South Africa’s defence company Hensoldt has been selling it’s gimbal products to countries buying the Turkish-made Bayraktar TB2 drones, albeit discreetly.
Military Africa has tracked at least three users of Hensoldt’s ARGOS-II HDT EO/FLIR Airborne Observation System, instead of the usual Canadian L3 WESCAM MX-15D, or Turkish Aselsan CATS gimbal on their Bayraktar TB2s.
Pakistan, Turkmenistan and Azerbaijan were supplied Hensoldt’s ARGOS-II HDT EO/FLIR Airborne Observation System for their Bayraktar TB2 drones,veven though both countries were listed to have procured either Canadian WESCAM MX-15D, or Turkish Aselsan CATS gimbal on their Bayraktar TB2s.

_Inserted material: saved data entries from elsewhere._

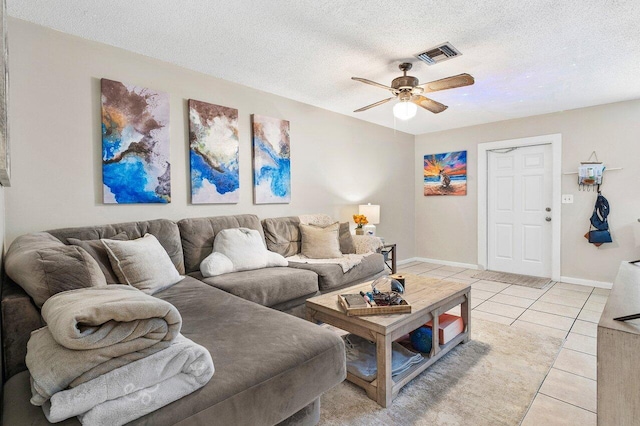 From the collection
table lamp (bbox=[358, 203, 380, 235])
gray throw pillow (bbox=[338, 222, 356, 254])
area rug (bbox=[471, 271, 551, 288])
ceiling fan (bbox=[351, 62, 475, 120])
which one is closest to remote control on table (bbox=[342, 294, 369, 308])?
gray throw pillow (bbox=[338, 222, 356, 254])

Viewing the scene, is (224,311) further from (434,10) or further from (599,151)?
(599,151)

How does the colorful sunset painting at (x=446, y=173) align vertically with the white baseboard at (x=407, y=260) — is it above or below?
above

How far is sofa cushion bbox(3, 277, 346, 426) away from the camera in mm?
946

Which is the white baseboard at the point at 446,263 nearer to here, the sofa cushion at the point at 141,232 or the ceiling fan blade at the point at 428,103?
the ceiling fan blade at the point at 428,103

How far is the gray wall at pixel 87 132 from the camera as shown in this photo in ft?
7.14

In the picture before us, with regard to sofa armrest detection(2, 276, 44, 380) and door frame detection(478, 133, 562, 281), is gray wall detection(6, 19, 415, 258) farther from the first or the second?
door frame detection(478, 133, 562, 281)

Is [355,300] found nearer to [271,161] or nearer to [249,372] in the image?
[249,372]

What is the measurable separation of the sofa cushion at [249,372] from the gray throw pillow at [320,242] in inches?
68.4

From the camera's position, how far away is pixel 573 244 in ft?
13.9

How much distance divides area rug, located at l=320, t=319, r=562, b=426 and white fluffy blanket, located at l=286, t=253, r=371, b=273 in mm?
1151

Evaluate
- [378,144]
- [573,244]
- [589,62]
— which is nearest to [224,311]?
[589,62]

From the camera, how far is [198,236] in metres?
2.80

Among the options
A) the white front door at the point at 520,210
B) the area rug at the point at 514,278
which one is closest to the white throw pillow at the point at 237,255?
the area rug at the point at 514,278

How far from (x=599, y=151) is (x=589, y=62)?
178 cm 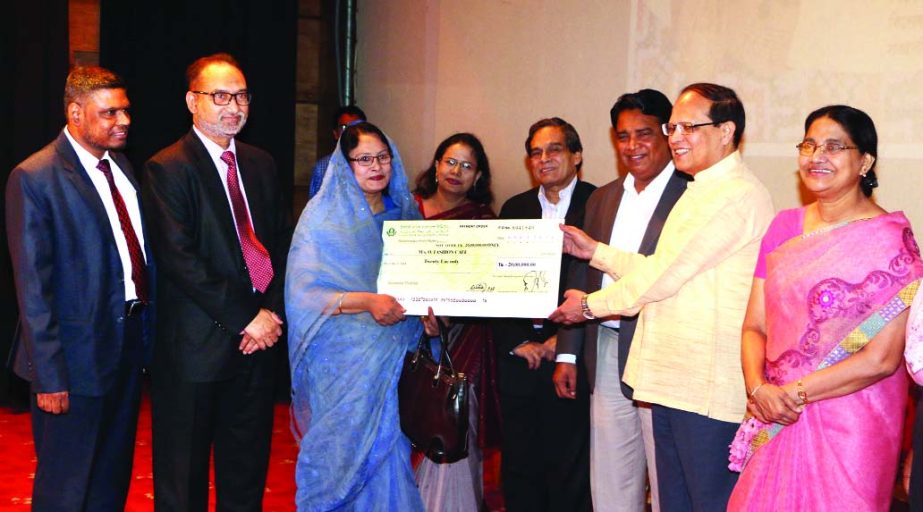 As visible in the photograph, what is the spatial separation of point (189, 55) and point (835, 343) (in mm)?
4945

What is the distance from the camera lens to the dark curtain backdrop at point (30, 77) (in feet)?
19.0

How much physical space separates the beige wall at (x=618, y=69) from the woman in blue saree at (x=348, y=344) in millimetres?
1344

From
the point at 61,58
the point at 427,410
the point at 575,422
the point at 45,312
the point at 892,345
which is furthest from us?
the point at 61,58

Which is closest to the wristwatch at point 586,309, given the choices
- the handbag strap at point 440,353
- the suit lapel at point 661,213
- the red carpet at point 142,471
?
the suit lapel at point 661,213

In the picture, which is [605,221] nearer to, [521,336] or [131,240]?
[521,336]

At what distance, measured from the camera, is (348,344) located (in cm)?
341

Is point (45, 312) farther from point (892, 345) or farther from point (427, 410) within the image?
point (892, 345)

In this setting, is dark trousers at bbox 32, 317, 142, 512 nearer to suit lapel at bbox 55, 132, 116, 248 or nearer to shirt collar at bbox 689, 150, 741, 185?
suit lapel at bbox 55, 132, 116, 248

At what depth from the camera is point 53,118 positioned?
5.93 m

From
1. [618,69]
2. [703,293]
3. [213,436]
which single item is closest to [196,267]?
[213,436]

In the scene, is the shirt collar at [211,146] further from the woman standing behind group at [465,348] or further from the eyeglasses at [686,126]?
the eyeglasses at [686,126]

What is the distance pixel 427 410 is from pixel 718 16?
1855mm

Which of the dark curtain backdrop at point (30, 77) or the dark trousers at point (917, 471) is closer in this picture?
the dark trousers at point (917, 471)

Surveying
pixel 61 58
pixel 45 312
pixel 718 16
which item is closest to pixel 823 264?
pixel 718 16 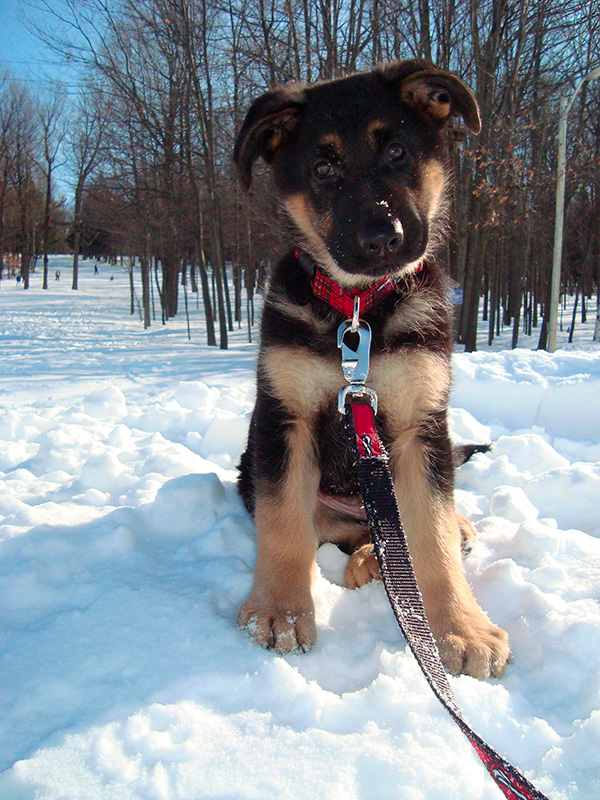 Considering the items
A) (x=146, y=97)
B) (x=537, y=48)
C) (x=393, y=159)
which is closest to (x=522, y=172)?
(x=537, y=48)

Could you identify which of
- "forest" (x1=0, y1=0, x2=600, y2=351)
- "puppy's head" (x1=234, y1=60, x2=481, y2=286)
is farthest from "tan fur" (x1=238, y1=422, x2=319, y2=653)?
"forest" (x1=0, y1=0, x2=600, y2=351)

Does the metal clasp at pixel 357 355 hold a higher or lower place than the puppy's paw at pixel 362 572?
higher

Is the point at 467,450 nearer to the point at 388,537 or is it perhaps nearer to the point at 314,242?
the point at 314,242

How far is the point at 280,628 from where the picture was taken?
80.9 inches

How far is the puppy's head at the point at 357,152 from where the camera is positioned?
7.25 feet

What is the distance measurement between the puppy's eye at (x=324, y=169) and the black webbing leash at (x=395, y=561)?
0.94 metres

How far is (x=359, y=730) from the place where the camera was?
63.7 inches

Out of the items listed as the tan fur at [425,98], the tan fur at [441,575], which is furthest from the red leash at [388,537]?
the tan fur at [425,98]

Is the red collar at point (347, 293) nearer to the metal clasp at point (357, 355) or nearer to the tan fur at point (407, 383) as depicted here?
the metal clasp at point (357, 355)

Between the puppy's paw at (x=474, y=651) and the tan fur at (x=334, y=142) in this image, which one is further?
the tan fur at (x=334, y=142)

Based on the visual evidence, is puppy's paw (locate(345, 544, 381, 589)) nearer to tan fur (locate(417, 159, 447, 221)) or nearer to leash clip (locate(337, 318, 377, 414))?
leash clip (locate(337, 318, 377, 414))

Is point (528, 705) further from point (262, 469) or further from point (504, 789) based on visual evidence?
point (262, 469)

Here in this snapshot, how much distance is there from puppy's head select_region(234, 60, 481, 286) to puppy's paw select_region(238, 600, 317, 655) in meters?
1.33

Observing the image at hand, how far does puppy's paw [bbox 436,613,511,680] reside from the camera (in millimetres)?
1942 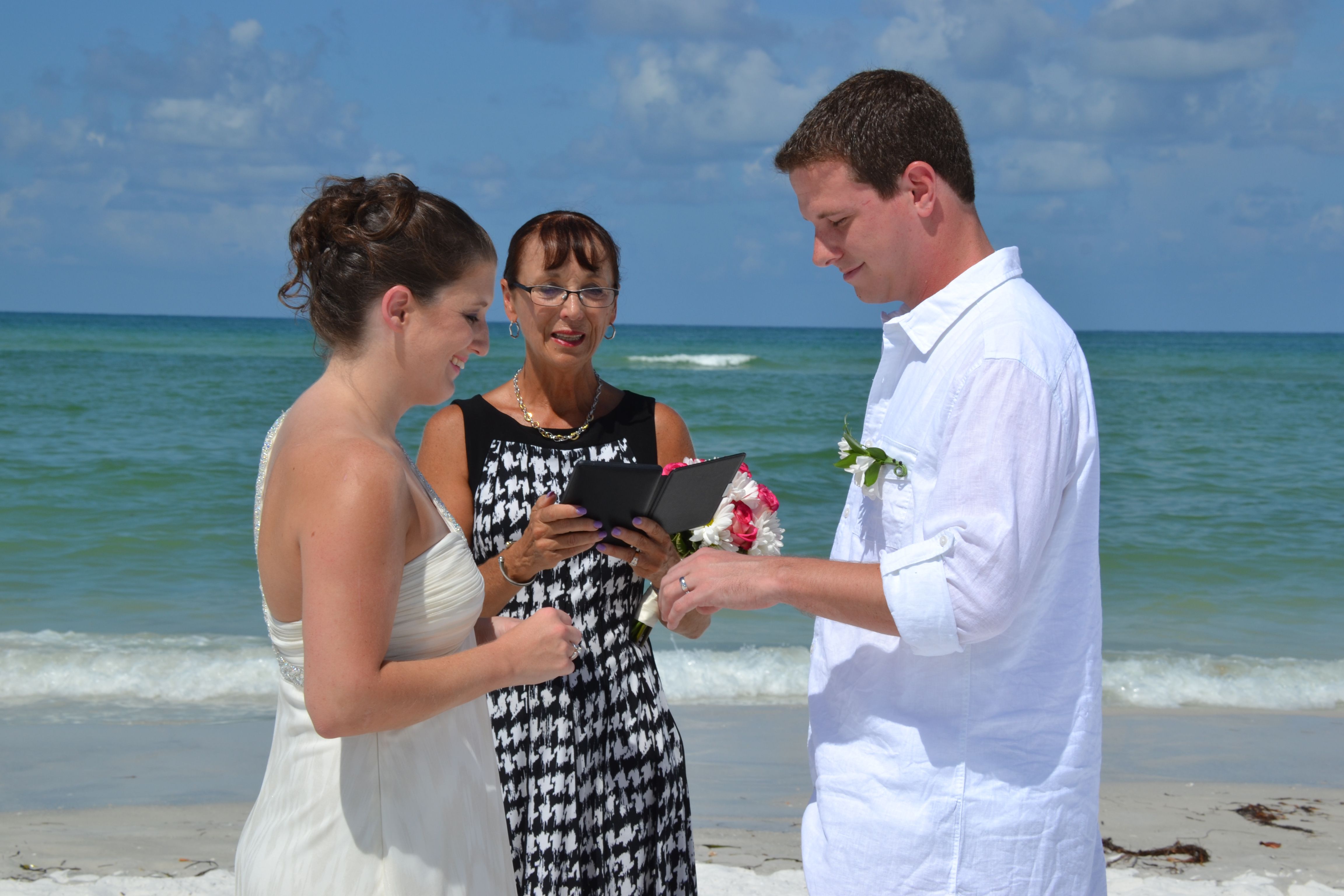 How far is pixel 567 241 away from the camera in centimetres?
338

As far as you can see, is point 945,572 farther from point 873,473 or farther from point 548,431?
point 548,431

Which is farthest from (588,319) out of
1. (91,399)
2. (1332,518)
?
(91,399)

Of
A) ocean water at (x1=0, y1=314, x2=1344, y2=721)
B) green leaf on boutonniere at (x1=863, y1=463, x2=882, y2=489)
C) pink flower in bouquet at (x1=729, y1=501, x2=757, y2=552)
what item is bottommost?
ocean water at (x1=0, y1=314, x2=1344, y2=721)

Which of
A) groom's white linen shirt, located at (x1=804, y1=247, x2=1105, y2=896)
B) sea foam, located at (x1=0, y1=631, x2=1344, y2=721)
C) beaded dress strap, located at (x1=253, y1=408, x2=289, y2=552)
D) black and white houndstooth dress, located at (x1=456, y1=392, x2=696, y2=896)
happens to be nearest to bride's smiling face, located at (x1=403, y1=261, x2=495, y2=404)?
beaded dress strap, located at (x1=253, y1=408, x2=289, y2=552)

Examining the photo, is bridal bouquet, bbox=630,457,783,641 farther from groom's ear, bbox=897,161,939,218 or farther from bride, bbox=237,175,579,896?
groom's ear, bbox=897,161,939,218

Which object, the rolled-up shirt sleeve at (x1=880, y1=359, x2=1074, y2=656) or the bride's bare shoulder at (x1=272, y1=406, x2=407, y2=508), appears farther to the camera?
the bride's bare shoulder at (x1=272, y1=406, x2=407, y2=508)

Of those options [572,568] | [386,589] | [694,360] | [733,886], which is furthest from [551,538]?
[694,360]

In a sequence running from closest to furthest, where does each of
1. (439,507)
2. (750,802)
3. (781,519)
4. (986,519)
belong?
(986,519)
(439,507)
(750,802)
(781,519)

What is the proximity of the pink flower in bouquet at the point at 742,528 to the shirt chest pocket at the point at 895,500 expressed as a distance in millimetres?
774

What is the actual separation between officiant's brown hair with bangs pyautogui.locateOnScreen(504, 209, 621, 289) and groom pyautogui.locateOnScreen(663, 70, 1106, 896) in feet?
4.03

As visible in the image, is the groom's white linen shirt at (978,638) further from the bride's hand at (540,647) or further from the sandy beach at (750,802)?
the sandy beach at (750,802)

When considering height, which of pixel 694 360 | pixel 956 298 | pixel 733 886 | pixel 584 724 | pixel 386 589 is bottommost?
pixel 733 886

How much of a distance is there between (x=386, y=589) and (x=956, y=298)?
3.82 feet

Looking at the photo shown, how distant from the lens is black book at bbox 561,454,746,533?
2693 mm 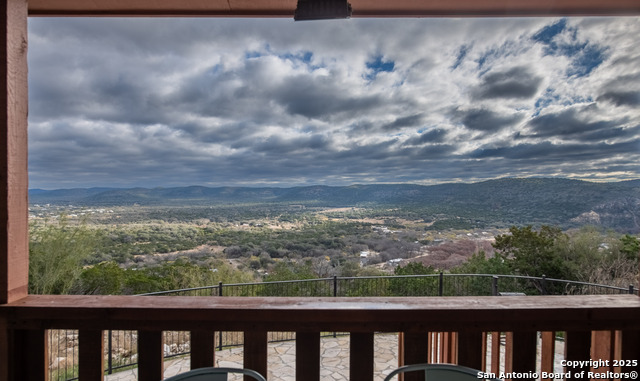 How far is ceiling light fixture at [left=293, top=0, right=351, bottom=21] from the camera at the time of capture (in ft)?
4.23

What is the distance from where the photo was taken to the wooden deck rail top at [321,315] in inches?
39.3

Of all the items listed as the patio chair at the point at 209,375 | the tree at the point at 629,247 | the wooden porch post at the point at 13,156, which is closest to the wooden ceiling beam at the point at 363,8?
the wooden porch post at the point at 13,156

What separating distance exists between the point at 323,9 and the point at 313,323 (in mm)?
1315

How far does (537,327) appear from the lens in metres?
1.04

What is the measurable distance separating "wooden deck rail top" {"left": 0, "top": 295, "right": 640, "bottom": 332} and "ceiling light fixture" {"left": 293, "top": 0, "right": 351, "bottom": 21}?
1.23 metres

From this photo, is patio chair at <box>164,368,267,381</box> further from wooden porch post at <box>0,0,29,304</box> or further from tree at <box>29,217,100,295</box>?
tree at <box>29,217,100,295</box>

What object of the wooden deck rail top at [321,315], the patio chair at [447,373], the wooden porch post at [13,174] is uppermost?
the wooden porch post at [13,174]

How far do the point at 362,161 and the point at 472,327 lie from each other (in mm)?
12353

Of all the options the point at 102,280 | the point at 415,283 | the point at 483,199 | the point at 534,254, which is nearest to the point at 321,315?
the point at 483,199

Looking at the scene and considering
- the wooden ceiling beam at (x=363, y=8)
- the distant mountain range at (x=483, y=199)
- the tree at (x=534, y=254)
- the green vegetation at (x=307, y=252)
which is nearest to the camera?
the wooden ceiling beam at (x=363, y=8)

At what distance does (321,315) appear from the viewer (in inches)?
39.0

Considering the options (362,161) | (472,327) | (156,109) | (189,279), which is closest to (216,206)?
(189,279)

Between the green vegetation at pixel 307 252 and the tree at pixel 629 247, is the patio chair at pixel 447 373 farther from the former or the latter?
the tree at pixel 629 247

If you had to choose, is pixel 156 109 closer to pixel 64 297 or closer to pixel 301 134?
pixel 301 134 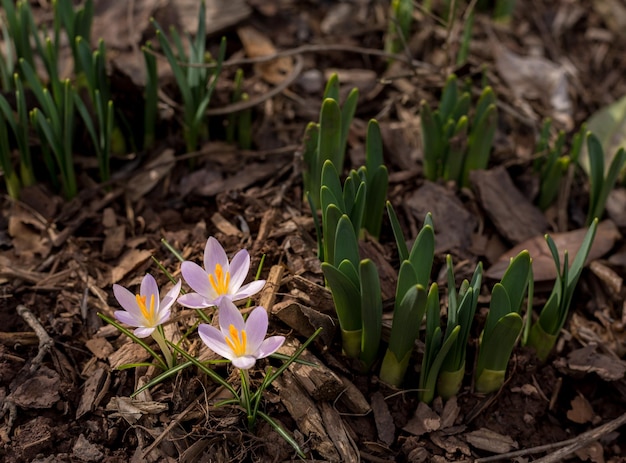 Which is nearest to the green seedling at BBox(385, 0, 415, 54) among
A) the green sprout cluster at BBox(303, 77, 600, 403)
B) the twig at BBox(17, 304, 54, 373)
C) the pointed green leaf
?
the green sprout cluster at BBox(303, 77, 600, 403)

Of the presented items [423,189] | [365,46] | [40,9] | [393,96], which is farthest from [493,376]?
[40,9]

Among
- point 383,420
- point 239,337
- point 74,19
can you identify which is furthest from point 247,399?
point 74,19

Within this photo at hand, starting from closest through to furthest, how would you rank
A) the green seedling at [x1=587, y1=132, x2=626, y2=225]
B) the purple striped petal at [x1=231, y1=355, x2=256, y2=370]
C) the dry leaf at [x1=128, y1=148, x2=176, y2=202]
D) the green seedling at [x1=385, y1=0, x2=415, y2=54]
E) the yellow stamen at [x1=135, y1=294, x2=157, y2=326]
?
the purple striped petal at [x1=231, y1=355, x2=256, y2=370] → the yellow stamen at [x1=135, y1=294, x2=157, y2=326] → the green seedling at [x1=587, y1=132, x2=626, y2=225] → the dry leaf at [x1=128, y1=148, x2=176, y2=202] → the green seedling at [x1=385, y1=0, x2=415, y2=54]

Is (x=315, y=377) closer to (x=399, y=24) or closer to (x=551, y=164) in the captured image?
(x=551, y=164)

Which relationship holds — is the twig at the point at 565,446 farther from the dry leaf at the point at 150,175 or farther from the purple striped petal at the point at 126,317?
the dry leaf at the point at 150,175

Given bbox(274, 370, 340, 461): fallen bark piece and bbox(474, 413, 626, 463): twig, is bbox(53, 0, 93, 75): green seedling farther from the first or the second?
bbox(474, 413, 626, 463): twig

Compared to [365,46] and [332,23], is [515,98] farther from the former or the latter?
[332,23]

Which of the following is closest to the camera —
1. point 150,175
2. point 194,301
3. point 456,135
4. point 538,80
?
point 194,301

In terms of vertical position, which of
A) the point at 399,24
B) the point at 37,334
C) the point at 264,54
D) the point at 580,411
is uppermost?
the point at 399,24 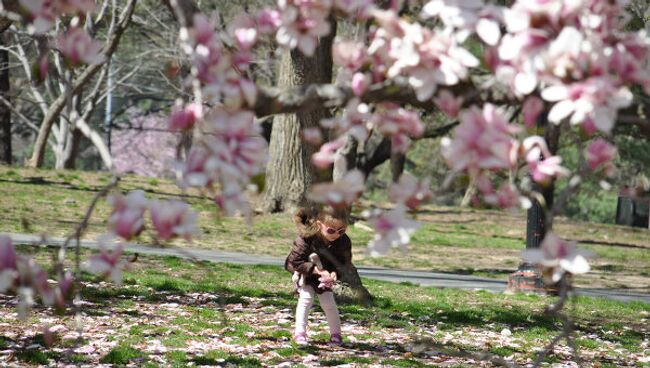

In September 2020, In the Canadian city of Burlington, activists protested against the L3 Harris WESCAM company for selling technology for armed drones to Turkey.
According to the activists, Ankara uses these drones for serious war crimes such as the targeted killing of civilians. In doing so, the Canadian government is violating the international Arms Trade Treaty (ATT).
The Bayraktar TB2, equipped with the WESCAM MX-15D, is most commonly used by Turkey “for domestic counter-insurgency operations,” according to Project Ploughshares.
Turkey has been a significant customer for Canada’s defence industry.
The Canadian-made surveillance systems played a role in Turkish drone attacks in Northern Kurdistan in 2015 during the military siege of cities where self-governance was declared.
In March 2021, released documents of the Standing Committee on Foreign Affairs and International Development of the Canadian House of Commons revealed that Turkey applied to supply L3 WESCAM for Azerbaijan, the Armenian National Committee of Canada (ANCC) said.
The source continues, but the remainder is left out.